**Problem requirements:** Reproduce the listing below from the line with "The feedback that" to the line with "I should mention", both lines included, character for character, minus any pictures.

**Supplied records:**
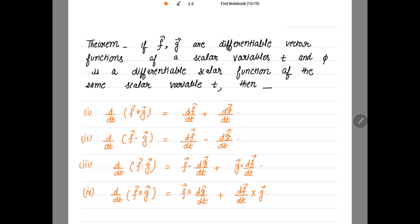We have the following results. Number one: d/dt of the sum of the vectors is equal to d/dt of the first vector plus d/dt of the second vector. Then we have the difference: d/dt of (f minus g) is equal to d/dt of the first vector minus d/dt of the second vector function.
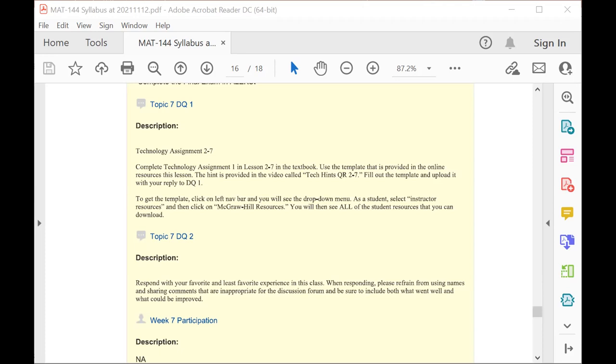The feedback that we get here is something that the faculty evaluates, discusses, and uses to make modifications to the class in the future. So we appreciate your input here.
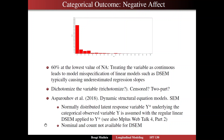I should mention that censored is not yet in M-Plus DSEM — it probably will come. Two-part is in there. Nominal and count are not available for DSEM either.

...

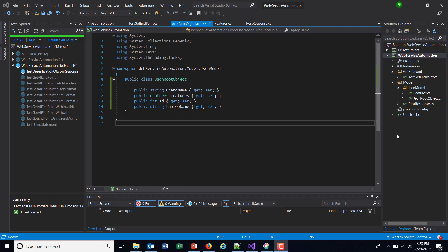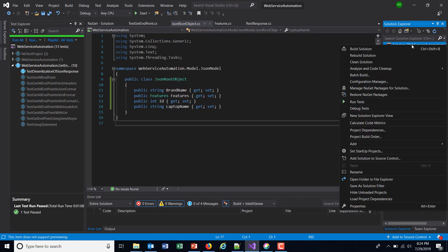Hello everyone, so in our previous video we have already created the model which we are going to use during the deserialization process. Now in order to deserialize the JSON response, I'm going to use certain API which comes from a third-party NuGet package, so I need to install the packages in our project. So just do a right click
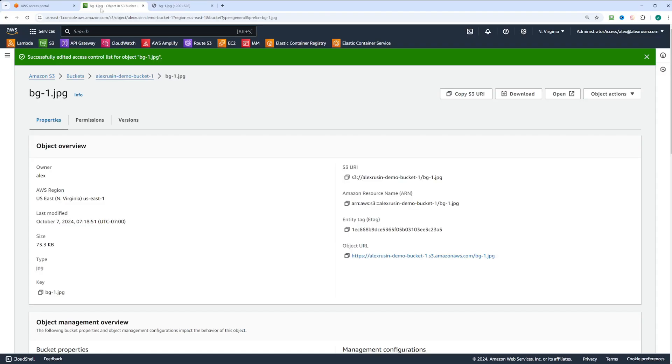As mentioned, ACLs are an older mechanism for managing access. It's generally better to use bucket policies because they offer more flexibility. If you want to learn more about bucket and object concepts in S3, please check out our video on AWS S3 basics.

**Answer area:**
The feedback that we get here is something that the faculty evaluates, discusses, and uses to make modifications to the class in the future. So we appreciate your input here.
I should mention that censored is not yet in M-Plus DSEM — it probably will come. Two-part is in there. Nominal and count are not available for DSEM either.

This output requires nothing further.